TYD Başkanı Turgut Gür: Türkiye turizmi artık geri dönülemez bir gelişme büyüme içinde. Artık fren yapsanız bile balatalarınız yetmez. Türkiye müthiş bir büyüme içinde. Türkiye'nin nereye geleceğini çok iyi biliyoruz.  Turizm sektöründe büyüme devam etti. Türkiye'nin istikrarı ekonomisinin yürümüş ve büyümüş olması Orta Doğu ülkelerinden sermaye akışının buraya dönmüş olması TÜİk turizmini geliştirdi. Sektör bugün 31 milyon 400 bin yabancı pasaportlunun girdiği 28 milyar dolarlık gelir getirdi."
Okyanus ötesi ülkeler yeni gözde 
TİM Genel Sekreter Yardımcısı Mustafa Mete: Turizm ve ihracat gündemleri birbirine çok benziyor. İkisi de hemen hemen aynı pazardan besleniyor. Türkiye ihracatının yüzde 46'sını AB ülkelerden, yüzde 9'unu da AB'ye üye olmayan ülkelerde yapıyor. Türkiye'ye gelen turistin de yüzde 55'i AB ülkelerinden. Yalnız bir sorun var AB ülkeleri büyüyemiyor.  THY ve dış işlerinin Afrika çalışması başarı getirdi.  Avrupa krizi gibi bu bölgedeki kriz de bizi etkileyecek. Yeni pazar çalışmaları yapmak gerekir. Şu anda Çin, Hindistan, Avustralya, Endonezya, Arjantin gibi yeni pazarlar öne çıkıyor.
Fakir ile zengin aynı yerde kalmaz
Öger Tur Yönetim Kurulu Başkanı Vural Öger: Türkiye'de turizm Kuşadası'nda başlamıştır. Rodos Adası'na gelen ABD askerlerinin Efes'i gezerken pansiyon arayışları ve ve yerel belediyelerin çabaları ile başlamıştı. Türkiye'de merkezden başlayan bir mega turizm projesi yok. Bugün, Toscana'ya gidip 3 yıldızlı otele 500 dolar veren Antalya'ya gelmiyor. Bugün dünyanın zenginleri İstanbul dışında Türkiye'de bir yere gelmiyor. Mass turizmine girip 25 euroya fakir Almanları yatırıyorsunuz. Zengin Almaların gelip aynı yerde kalmasını bekliyorsunuz. Bizim otel kalitesi ne İspanya'da ne de İtalya'da var.
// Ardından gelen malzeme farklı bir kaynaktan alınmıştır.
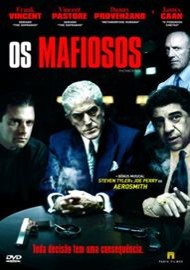 Os Mafiosos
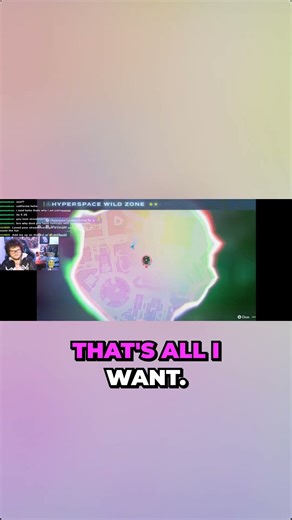 Shiny alpha Torchic hunt — the streamer’s hilarious struggle and shiny-charm drama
Ama otelden çıktıktan sonra ne sunuyorsunuz. Birinci şeridi yaptınız ikinci şerit programınız ne. Gelen turisti 2 hafta otele hapsedeceksek; bir kahve içmeyecekse, balık yemeyecekse, yanlış bir şey yapıyoruz. Türkiye'nin bin, 2 bin yataklı rakamları bir kenara bırakması gerekir. 
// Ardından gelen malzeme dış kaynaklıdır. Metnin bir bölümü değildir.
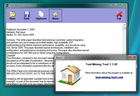 Text Mining Tool : extraire du texte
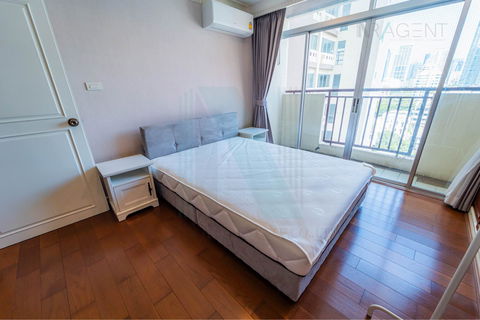 รูปภาพ 🔺 For Rent Condo MONTEREY PLACE Building 1, Floor 10,3 bed room, Room size 139 sqm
THY lokomotif etkisi yaratıyor
THY Satış ve Pazarlama Müdürü Faruk Çizmecioğu: THY denince akla gelen Türk kimliği ve Türkiye. Biz doğuda sanayiyi kalkındırabilirsek, butik oteller yaratırsak, ufak işlemelerin kalkınmasını sağlayacak ulaşımı sağlamalıyız. Biz THY olarak Türkiye'nin 41 noktasına uçuyoruz. 32.5 milyon yolcu taşıdık, 2012 hedefimiz 38 milyon yolcu. Biz aynı zamanda lokomotif etkisi yaratıyoruz. THY olarak bizim geçen yıl transit dışında Türkiye'ye getirdiğimiz yolcu sayısı 8 milyon. Bunun büyük ksmı iş adamı ve turist. Son girdiğimiz destinasyonlar da önemli katı sağladı. Bangladeş'e çok yakın zamanda uçmaya başladık, 3 bin yolan yıllık yolcu sayısını 23 bine çıkardık. Eskiden Brezilya'dan 53 bin kişi gelirken, başlayan uçuşlarımız ile birlikte bu sayıyı 89 bine çıkardık.